What is Whole Life Insurance?
Life insurance under which coverage is intended to remain in force during the
Insured's entire lifetime, providing premiums are paid as specified in the
policy. A whole life insurance policy can build cash value on a tax-deferred
basis. Both the premiums to pay and the cash values that result are
predetermined and found in the policy contract. The cash value is an amount of
money available to the policy owner for policy loans or as the surrender value
if the policy is canceled and returned to the company.
Cash Value
With pure whole life insurance, the cash value is guaranteed. As an added
benefit, cash value can be used by the policy owner as a "cash reserve" for
emergencies, extra income, or college expenses. This is considered a loan
(interest charges accrue). What's more, you're not obligated to repay the loan,
but any amount not repaid will be deducted from the policy's death benefit.
What is Universal Life Insurance?
Universal Life (UL) is a form of permanent life insurance. If your UL policy is
in force at the time of the insured’s death (second death for joint life
policies), policy proceeds will be paid in accordance with the terms of the
policy to the beneficiary you designate. UL policies offer a valuable death
benefit and provide the opportunity to build cash values that you can borrow or
withdraw.
With certain limits, you can choose the premium you wish to pay and this
determines how the policy values develop. Each policy month, a monthly deduction
to cover the cost of the insurance protection is deducted from the policy value.
The Advantages of Universal Life Insurance
The advantage over other forms of permanent insurance is that universal life
insurance gives you more flexibility over your policy to assist you in meeting
your financial goals. Within certain limits, you can choose the amount, method
and timing of your premium payments. UL is also an “interest sensitive” product.
This means that the interest rates credited to policy values will change over
time.
Flexibility of payments, tax-deferred cash value accumulation, and coverage
options (subject to contract requirements) are the primary advantages over term
insurance. Because of these advantages, universal life can be used in estate
planning and retirement planning, offering the policy owner a variety of
options.
The Power of Tax-Deferred Earning, Access to
Your Cash Value, and Variable Life Insurance Protection
Because it's a life insurance policy, variable universal life insurance provides
your beneficiaries with a death benefit that can help them preserve their
financial security in a time of need while offering you the opportunity to
invest for your future.
Variable universal life insurance offers you the protection of life insurance
with the investment advantages of professionally managed money.

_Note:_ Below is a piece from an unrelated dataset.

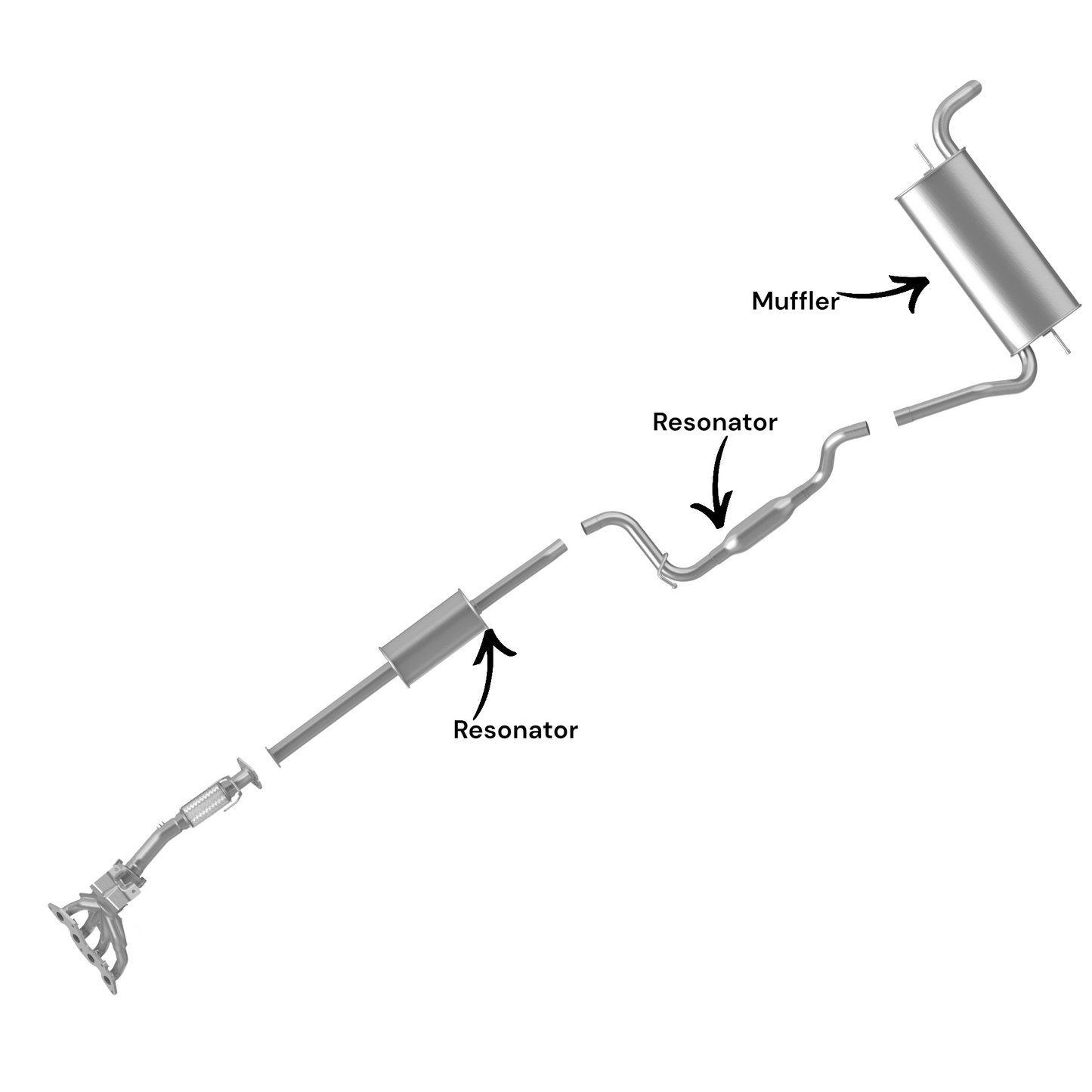 Ford Focus 2.0L (2012-2018) (Sedan) (Except PZEV) Both Resonator And Muffler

Consider a
variable universal life insurance product if you want the benefits of life
insurance with tax-deferred growth and federal income tax-free transfer of the
death benefit to your beneficiaries.
Survivorship Insurance
Although Congress passed legislation to increase the "applicable exclusion
amount" for estate taxes, the fact is that the "death tax" will only be
completely eliminated for a one-year window - the year 2010 - unless the repeal
is extended or made permanent through new legislation.
The message is clear - planning ahead to cover the cost of potential estate
taxes is still the best strategy.
Sometimes referred to as second-to-die insurance provides a death benefit that
can be used to help pay estate taxes.